[Source data]
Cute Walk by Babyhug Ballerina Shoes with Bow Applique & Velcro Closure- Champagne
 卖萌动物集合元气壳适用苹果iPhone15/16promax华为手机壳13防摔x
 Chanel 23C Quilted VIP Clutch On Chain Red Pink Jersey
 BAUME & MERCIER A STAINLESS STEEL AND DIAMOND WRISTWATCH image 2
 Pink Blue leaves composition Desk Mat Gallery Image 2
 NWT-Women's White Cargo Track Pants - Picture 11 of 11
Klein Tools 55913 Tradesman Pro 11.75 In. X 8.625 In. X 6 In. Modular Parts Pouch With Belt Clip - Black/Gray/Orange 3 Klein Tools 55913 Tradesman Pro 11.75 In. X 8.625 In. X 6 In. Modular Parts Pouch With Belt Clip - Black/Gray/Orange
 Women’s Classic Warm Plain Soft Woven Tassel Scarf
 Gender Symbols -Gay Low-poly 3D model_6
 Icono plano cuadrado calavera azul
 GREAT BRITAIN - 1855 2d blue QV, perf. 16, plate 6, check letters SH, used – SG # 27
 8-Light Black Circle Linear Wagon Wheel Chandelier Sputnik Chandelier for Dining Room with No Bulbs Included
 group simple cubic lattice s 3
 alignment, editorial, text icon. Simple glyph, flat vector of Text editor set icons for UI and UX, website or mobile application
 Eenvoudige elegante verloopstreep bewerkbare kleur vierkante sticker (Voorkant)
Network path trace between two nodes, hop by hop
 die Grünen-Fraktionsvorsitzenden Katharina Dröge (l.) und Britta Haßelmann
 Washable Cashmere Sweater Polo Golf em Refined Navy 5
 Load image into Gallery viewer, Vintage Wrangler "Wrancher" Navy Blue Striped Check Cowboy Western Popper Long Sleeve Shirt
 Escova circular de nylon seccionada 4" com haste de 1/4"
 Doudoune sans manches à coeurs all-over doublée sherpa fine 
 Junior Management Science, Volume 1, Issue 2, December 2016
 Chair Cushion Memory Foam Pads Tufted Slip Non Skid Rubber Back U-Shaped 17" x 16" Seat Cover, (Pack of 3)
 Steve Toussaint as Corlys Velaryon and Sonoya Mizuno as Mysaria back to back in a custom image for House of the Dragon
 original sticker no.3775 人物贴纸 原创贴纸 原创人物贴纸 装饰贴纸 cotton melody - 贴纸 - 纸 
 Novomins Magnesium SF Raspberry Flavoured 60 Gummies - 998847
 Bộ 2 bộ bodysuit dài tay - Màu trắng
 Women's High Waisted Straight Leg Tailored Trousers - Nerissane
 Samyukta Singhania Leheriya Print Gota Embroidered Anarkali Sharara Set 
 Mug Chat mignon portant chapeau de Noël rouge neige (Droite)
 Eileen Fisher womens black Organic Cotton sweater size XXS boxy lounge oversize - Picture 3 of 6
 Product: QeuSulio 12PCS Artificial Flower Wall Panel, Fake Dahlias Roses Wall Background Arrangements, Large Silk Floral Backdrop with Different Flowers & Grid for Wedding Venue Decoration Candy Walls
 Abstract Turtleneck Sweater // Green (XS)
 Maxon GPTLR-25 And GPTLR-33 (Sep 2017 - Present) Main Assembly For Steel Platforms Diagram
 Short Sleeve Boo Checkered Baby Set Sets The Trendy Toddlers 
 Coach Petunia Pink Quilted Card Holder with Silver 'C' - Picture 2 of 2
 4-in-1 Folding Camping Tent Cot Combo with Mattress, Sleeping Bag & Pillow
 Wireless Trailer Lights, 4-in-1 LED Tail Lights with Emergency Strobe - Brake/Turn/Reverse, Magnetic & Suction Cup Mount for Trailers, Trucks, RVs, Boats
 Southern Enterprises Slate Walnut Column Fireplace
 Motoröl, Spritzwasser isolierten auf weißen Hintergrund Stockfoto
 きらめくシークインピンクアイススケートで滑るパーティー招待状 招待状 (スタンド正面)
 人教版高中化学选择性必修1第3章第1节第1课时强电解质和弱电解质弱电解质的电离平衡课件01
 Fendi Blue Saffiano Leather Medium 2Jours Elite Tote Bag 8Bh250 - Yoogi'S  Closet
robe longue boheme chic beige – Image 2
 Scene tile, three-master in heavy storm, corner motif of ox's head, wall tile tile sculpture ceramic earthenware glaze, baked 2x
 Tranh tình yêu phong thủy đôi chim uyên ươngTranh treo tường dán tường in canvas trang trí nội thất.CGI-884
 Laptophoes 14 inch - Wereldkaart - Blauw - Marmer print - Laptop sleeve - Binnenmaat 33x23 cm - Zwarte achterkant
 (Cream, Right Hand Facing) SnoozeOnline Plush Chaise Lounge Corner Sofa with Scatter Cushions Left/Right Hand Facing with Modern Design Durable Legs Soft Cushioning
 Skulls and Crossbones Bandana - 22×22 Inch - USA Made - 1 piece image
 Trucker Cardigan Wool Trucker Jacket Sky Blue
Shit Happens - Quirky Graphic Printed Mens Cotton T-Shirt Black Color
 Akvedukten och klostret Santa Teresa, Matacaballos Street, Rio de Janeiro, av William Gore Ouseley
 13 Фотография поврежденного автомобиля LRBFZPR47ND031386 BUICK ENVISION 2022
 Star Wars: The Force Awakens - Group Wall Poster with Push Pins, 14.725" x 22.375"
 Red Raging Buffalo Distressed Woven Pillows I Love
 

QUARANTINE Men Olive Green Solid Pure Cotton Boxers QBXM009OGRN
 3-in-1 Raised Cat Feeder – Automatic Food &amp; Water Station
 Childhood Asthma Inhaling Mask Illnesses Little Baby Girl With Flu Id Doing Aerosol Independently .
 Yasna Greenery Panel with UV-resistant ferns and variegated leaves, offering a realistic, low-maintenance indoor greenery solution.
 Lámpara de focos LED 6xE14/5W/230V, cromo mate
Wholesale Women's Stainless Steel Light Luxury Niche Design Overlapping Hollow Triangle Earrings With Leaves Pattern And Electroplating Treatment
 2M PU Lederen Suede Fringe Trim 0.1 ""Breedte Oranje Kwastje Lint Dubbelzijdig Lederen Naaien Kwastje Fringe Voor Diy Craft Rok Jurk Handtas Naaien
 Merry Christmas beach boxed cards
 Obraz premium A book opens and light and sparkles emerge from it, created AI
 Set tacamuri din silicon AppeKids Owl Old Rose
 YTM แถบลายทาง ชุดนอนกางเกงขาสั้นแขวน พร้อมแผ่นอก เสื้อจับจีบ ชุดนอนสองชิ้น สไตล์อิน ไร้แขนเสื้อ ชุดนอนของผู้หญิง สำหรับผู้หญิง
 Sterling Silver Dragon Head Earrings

| Task brief |
A complete answer gives every line of the records holding "Soft".

| Task solution |
 Women’s Classic Warm Plain Soft Woven Tassel Scarf
 (Cream, Right Hand Facing) SnoozeOnline Plush Chaise Lounge Corner Sofa with Scatter Cushions Left/Right Hand Facing with Modern Design Durable Legs Soft Cushioning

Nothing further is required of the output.